Of course, much due-diligence had preceded this phase. Never satisfied with my own writing, I had not only endured my own masochistic flagellation, but had paid a professional company to scrupulously hard-edit my draft manuscript and add the salt of their scathing remarks to my already festering wounds. It is a great irony to pay someone to tell you the things you least want to hear. No one wants to believe that their faultless and near-sacred love child looks, and smells, like a monkey. I took their advice and tightened the story line. Then I tightened it again. And again. And again. In the end, I don’t know how many “final” versions there were – maybe eighteen or nineteen. I was intent on making every page shine with color and purpose, to vibrate and breathe like a living thing. I disciplined myself to write only that which develops the character or moves the story forward. No rabbit trails. No leaving in extra stuff because I thought it was cool. And no throwing everything into the mix like an untidy and unsavory stew. I guess it must have worked as my original draft was pared down from 220,000 words to 167,000. I was ruthless with myself. Actually, there is one more rule and my personal favorite. Never ask your reader to do you a favor by turning the page. It’s not your job to “lead a horse to water and try to make him drink.” It’s your job to make him thirsty!

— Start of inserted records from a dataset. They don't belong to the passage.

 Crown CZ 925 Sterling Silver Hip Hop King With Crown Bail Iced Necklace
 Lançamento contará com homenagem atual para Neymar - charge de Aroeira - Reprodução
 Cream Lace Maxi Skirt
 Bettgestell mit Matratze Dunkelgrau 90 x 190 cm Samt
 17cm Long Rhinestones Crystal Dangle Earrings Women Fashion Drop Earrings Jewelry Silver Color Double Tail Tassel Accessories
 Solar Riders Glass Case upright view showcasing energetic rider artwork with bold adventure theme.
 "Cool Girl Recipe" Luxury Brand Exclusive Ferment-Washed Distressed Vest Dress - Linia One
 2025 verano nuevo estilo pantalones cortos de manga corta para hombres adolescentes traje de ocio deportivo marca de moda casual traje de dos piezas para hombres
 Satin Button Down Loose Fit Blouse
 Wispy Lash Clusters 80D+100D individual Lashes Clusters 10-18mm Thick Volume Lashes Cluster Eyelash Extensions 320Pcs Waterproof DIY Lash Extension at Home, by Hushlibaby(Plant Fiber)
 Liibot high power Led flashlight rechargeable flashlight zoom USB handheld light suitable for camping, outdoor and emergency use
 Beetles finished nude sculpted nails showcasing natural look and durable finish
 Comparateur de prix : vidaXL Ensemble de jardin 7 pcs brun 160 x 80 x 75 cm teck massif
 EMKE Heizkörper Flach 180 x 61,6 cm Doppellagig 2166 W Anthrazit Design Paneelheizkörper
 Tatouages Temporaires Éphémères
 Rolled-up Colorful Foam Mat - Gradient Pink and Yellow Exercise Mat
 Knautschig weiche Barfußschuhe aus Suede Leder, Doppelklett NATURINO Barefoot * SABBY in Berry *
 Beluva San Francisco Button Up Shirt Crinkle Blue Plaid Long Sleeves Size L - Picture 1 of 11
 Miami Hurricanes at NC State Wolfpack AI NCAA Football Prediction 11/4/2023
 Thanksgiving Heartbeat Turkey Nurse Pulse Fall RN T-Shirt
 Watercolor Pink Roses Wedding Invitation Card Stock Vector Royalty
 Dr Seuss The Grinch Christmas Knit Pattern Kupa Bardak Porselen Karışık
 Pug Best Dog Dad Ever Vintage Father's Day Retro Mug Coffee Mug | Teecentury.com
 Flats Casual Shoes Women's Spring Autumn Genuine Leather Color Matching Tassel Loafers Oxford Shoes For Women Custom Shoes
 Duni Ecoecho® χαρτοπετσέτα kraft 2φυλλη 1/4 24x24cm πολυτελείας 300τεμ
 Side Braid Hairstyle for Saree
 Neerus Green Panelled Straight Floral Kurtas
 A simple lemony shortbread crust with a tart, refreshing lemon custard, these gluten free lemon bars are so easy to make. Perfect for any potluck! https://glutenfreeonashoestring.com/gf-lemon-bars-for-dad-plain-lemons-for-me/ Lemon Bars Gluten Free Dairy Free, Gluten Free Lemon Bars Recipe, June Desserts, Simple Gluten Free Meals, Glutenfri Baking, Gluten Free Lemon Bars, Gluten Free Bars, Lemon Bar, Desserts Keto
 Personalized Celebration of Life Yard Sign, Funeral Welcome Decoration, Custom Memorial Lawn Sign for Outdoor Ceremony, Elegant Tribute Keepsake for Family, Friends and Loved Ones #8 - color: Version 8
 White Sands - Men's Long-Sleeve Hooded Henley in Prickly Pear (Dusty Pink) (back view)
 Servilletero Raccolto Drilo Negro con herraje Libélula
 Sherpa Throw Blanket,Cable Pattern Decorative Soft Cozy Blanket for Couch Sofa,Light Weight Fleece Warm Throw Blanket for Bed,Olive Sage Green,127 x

In my case, one of the only persistent difficulties in the marketing process has been defining the most appropriate category. Belize Survivor: Darker Side of Paradise is actually my autobiography, an all-too-true story of passionate jungle adventure and domestic violence in an exotic foreign land. Edna St. Vincent Millay once said, “A person who publishes a book appears willfully in public with their pants down,” and particular to this dynamic, bringing the book to fruition has been both my demon and my redemption. I chose to write in the third-person from a limited omniscient POV, and tag it as a “novel based on a true story.” There are two reasons. Firstly, because of personal sensitivities and real-life family relationships, I needed the relative distancing and objectivity of third-person in order to accurately render this intimate tale. Secondly, I wanted to feel at least the illusion of safety from legal repercussions or even potential physical retribution. I have actually taken a chance by publishing at all. Regardless, I feel that this inspirational story needs to be told, and I refuse to let fear be a factor. So, as a proud and capable “survivor” rather than “victim,” I now bequeath it to the scrutiny of the public eye.